Once the line containing "East West Furniture" is found in the entries below, restate it and each following line word for word, stopping after the line containing "Living Room - Kitchen Interior Model 10 (7)".

● ● ●

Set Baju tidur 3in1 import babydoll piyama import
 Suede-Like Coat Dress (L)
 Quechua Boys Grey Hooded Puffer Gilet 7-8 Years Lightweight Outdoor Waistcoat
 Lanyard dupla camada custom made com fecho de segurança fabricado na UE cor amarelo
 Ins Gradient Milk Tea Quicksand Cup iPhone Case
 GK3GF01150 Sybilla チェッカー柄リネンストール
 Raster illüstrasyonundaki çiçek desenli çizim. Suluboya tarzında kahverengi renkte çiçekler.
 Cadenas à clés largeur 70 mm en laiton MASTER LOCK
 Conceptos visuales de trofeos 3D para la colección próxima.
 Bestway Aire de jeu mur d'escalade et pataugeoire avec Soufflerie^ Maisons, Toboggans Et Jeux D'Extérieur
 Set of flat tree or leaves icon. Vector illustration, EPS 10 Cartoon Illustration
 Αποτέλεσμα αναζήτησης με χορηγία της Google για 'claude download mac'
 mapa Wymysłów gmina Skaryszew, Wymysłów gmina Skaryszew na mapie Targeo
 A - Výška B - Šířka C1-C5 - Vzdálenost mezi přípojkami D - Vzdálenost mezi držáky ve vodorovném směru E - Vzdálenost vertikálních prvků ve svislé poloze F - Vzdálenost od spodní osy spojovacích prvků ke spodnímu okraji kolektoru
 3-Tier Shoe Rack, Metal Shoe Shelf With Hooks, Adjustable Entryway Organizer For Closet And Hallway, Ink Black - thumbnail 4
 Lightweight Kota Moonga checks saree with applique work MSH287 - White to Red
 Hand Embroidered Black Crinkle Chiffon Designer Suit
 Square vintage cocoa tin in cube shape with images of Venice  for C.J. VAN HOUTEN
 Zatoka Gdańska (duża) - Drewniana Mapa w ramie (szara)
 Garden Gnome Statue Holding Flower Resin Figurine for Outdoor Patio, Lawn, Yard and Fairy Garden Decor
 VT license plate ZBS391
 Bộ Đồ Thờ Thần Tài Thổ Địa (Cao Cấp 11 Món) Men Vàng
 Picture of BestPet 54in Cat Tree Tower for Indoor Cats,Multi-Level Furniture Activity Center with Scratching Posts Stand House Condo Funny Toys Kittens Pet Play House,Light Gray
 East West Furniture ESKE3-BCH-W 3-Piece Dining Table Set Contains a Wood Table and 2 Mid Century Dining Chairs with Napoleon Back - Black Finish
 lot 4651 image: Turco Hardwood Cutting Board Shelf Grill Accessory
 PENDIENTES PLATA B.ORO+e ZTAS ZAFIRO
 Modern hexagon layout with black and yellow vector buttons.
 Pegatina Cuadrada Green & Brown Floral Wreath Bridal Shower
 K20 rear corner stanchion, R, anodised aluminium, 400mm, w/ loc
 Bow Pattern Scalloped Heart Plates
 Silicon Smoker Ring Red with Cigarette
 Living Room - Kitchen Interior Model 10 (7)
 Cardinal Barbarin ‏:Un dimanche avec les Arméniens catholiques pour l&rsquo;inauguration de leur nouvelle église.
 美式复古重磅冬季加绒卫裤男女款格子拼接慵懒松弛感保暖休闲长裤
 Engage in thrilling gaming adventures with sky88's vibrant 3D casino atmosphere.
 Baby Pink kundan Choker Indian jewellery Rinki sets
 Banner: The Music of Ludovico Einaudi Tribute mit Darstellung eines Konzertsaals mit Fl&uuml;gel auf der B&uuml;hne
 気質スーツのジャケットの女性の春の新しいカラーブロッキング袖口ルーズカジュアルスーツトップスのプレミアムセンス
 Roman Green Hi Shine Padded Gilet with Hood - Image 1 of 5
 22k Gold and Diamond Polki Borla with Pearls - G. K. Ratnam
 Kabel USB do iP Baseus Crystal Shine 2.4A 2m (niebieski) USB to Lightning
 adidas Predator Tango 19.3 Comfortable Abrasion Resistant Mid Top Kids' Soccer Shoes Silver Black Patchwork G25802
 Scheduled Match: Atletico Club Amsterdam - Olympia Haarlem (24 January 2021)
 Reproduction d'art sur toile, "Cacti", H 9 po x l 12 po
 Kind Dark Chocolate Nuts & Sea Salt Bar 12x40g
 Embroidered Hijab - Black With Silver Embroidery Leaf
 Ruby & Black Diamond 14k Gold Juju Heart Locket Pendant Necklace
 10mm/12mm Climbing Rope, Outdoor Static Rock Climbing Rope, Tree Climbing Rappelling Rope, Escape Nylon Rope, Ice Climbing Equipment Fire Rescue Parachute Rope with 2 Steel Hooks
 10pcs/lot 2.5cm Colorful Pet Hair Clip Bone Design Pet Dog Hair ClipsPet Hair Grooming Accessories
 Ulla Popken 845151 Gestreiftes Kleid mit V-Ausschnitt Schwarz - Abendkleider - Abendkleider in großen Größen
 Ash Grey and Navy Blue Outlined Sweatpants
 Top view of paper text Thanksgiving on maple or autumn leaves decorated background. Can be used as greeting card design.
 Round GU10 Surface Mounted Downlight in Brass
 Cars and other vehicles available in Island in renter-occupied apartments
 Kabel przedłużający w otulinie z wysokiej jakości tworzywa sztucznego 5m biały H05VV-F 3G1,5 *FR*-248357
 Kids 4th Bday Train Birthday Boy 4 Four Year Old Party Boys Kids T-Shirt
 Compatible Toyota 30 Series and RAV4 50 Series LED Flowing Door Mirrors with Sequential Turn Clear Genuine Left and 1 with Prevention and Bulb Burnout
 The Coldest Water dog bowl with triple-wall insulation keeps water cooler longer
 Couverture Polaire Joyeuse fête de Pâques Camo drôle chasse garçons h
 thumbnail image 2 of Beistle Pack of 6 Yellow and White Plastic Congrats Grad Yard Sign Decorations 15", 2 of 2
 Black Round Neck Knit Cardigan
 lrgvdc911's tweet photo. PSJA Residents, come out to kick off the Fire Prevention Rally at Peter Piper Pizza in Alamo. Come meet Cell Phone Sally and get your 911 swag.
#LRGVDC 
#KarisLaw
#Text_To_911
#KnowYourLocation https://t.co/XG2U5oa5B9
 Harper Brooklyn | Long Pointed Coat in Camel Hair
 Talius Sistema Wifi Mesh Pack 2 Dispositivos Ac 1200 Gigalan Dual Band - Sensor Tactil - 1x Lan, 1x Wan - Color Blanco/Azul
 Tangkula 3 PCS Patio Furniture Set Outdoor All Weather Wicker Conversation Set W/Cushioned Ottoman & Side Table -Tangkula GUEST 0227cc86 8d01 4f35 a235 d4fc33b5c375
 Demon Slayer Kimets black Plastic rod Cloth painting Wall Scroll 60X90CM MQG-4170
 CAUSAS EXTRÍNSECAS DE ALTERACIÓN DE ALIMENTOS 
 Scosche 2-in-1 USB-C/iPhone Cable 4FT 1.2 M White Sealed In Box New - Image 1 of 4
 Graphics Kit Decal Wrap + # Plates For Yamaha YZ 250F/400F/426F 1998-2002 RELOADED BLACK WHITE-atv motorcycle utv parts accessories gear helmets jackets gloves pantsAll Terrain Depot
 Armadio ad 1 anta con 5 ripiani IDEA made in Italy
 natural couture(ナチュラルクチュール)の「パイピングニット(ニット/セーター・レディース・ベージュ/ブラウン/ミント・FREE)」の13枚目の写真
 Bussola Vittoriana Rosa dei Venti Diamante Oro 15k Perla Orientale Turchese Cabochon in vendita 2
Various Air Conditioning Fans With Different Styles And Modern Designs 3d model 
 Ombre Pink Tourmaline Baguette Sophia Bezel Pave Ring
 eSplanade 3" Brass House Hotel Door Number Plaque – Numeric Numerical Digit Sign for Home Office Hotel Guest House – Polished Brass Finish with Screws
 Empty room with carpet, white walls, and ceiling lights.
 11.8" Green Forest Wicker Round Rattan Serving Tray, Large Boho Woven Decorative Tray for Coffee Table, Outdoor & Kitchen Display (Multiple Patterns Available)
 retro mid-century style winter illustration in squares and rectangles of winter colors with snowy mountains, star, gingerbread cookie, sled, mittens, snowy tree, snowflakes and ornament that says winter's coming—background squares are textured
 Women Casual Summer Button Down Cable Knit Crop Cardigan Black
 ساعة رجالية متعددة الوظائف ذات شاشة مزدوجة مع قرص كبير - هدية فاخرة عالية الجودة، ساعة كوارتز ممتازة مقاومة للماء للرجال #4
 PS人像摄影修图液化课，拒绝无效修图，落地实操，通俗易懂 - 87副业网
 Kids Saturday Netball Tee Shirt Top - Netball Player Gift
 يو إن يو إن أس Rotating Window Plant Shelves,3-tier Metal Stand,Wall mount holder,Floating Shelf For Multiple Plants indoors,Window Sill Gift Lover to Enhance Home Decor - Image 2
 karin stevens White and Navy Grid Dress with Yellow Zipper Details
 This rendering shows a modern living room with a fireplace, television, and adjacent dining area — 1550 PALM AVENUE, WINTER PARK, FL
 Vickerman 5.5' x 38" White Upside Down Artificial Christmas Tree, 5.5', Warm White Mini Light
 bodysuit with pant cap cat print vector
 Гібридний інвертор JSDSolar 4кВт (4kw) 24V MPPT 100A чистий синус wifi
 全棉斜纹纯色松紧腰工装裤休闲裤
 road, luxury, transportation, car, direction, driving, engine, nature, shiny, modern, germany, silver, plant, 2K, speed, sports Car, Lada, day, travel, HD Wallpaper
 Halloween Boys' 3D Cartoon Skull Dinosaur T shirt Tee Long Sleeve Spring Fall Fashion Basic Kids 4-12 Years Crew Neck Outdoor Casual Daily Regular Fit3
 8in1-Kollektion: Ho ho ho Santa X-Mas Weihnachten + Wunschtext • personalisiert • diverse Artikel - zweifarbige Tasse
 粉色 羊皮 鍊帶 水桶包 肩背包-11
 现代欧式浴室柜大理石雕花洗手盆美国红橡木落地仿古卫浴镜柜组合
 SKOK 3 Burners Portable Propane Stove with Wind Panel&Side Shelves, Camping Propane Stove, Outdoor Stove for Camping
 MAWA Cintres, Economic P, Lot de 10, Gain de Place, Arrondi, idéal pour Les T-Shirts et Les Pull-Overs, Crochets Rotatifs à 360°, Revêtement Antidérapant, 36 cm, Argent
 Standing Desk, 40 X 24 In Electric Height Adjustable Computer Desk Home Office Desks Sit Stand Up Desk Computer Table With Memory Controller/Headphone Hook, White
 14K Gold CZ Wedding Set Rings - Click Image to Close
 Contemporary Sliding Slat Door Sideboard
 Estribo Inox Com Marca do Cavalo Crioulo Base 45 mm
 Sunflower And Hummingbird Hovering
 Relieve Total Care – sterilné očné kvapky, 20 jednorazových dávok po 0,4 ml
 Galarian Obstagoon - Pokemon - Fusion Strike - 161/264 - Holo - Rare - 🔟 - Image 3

● ● ●

OUTPUT FOR THIS EXERCISE –
 East West Furniture ESKE3-BCH-W 3-Piece Dining Table Set Contains a Wood Table and 2 Mid Century Dining Chairs with Napoleon Back - Black Finish
 lot 4651 image: Turco Hardwood Cutting Board Shelf Grill Accessory
 PENDIENTES PLATA B.ORO+e ZTAS ZAFIRO
 Modern hexagon layout with black and yellow vector buttons.
 Pegatina Cuadrada Green & Brown Floral Wreath Bridal Shower
 K20 rear corner stanchion, R, anodised aluminium, 400mm, w/ loc
 Bow Pattern Scalloped Heart Plates
 Silicon Smoker Ring Red with Cigarette
 Living Room - Kitchen Interior Model 10 (7)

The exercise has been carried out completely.